Esta semana, esperava com minha mãe e meu irmão a hora de embarcarem, quando se aproxima um homem e puxa conversa. Pergunta se somos descendentes de poloneses, e diante da (óbvia) afirmativa passa a fazer elogios aos polacos e ao papa fdp. Não tarda, introduz novo assunto: "o atual problema do Brasil". Já imagino que vai falar do Lula, do PT e da corrupção. Me equivoco: não estou diante de um homem de bem de classe média, mas de alguém do "povo" - esse que certa esquerda Peter Pan julga ontologicamente como "do Bem". Começa a falar mal de nigerianos e haitianos, a quem classifica como bandidos - "todos bandidos, tudo bandido", repete. Como bem assinala Pedro Serrano em Autoritarismo e golpes na América Latina, "bandido" é a versão tupiniquim para "judeu" na Alemanha nazista, a senha para rebaixar a pessoa da condição de ser humano, livre conduto para qualquer atrocidade extra-legal: "o bandido não é tratado o cidadão que erra, mas como um inimigo da sociedade, que não tem reconhecido sequer os direitos fundamentais inerentes à condição de ser humano. Nesse contexto, sua vida pode ser suprimida" (p. 152).
Nosso interlocutor da rodoviária, periférico (ainda que branco), talvez esteja em momento raro de sua vida: se sente um honrado cidadão brasileiro, alguém a quem é garantido o direito de odiar e pregar a eliminação do subalterno, sem medo de reação (afinal, imigrantes são sub-humanos, estão abaixo dele, sub-cidadão). Talvez pela primeira vez na vida ele se sinta alguém, integrante da irmandade da Casa-Grande, um ser humano com direito, um, que seja: o direito de aniquilar o Outro. Claro, não percebe que uma vez aniquilado quem está abaixo, passará a ser ele o próximo estorvo à felicidade geral da nação, o novo inimigo, voltará à condição de bandido aos olhos dos cidadãos de bem e dos apresentadores de tevê dos programas de fim de tarde. Não percebe que só temporariamente perdeu a pecha de bandido - por mais que não tivesse cometido algum crime.

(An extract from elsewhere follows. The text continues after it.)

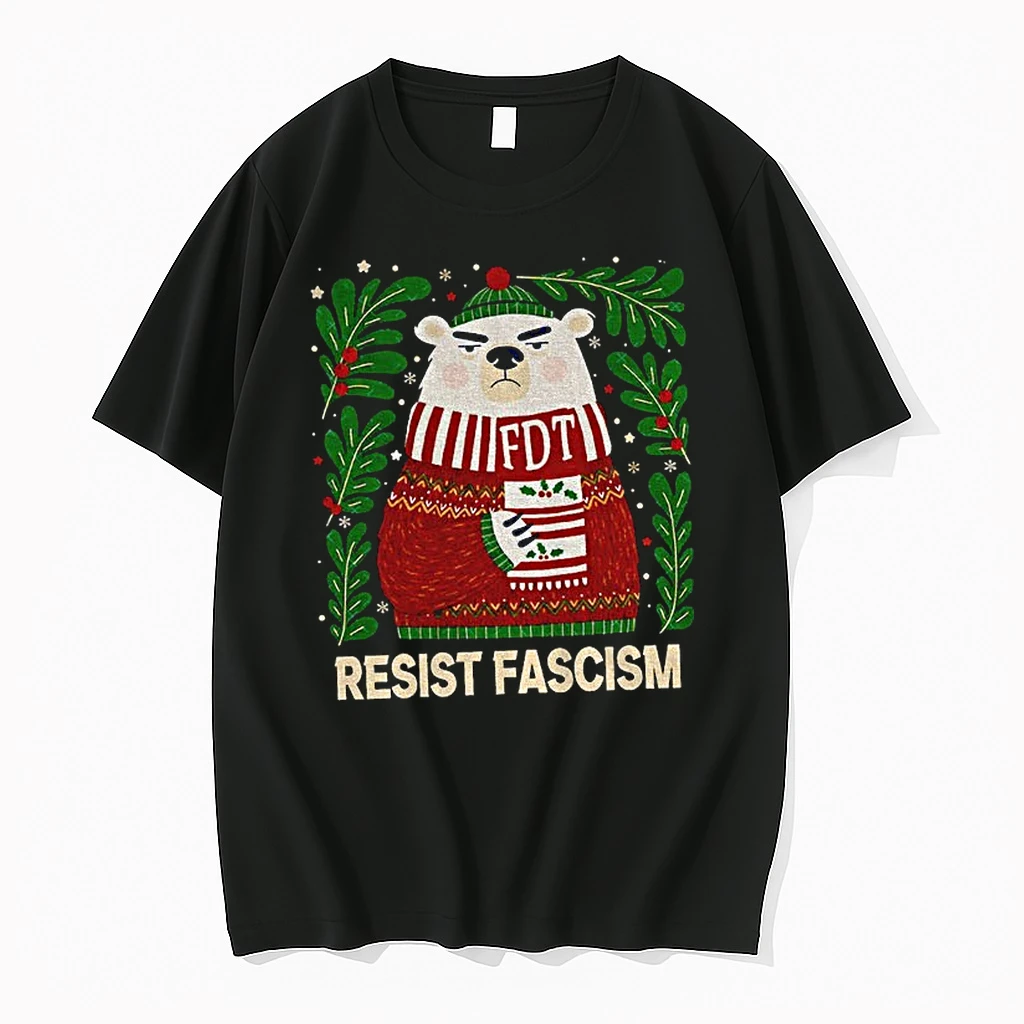 Classic Resist Fascism Christmas Bear Fdt Anti Trump T Shirts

Na internet, na linha do tempo do meu Fakebook, acadêmicos das diversas matizes da esquerda se atacam mutuamente em acusações de quem é o culpado do ponto onde estamos (o PT, a falta de união, o homem machista, os evangélicos, algum nome da direita que está em voga na mídia). É sempre mais fácil dizer que a culpa é do outro, desobriga de se comprometer em alternativas factíveis, e permite que se siga ignorando que o fracasso é antes de tudo seu (meu, nosso), é de toda a esquerda, de todo o campo progressista. Paulo Freire é só um nome pomposo para trabalhos teóricos, há muito parece não ter realidade prática no Brasil - que chafurda no ódio e na ignorância.